### Exercise aim
Needed from the entries below: every line that holds the word "Read".

### Records for the exercise
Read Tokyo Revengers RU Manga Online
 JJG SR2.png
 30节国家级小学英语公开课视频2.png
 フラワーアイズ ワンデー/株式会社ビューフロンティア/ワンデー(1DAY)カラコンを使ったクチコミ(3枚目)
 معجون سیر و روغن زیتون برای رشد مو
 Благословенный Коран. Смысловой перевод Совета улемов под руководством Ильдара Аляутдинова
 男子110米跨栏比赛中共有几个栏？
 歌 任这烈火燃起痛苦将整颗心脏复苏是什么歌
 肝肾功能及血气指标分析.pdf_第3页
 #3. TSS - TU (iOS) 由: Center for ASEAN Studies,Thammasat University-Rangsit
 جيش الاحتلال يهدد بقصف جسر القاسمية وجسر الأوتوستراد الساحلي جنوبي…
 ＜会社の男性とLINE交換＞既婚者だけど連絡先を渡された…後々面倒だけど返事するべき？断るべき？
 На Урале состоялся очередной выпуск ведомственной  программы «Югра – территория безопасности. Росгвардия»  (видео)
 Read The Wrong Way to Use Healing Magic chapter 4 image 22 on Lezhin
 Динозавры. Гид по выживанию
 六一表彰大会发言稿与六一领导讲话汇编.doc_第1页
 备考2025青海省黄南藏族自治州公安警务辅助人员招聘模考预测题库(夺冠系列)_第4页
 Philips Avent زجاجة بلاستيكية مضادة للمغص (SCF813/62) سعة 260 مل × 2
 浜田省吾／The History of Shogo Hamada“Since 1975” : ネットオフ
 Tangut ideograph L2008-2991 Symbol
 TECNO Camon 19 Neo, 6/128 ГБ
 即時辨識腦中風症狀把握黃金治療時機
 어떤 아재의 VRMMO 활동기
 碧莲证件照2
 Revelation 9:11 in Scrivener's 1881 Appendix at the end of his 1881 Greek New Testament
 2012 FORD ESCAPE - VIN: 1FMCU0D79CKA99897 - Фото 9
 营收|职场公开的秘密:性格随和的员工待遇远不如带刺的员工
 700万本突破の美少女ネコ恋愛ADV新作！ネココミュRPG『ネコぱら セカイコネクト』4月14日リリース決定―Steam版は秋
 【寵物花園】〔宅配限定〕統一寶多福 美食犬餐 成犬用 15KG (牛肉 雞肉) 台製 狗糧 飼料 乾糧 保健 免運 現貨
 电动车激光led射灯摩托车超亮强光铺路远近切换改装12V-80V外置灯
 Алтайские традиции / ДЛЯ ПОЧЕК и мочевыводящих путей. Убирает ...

### Your solution
Read Tokyo Revengers RU Manga Online
 Read The Wrong Way to Use Healing Magic chapter 4 image 22 on Lezhin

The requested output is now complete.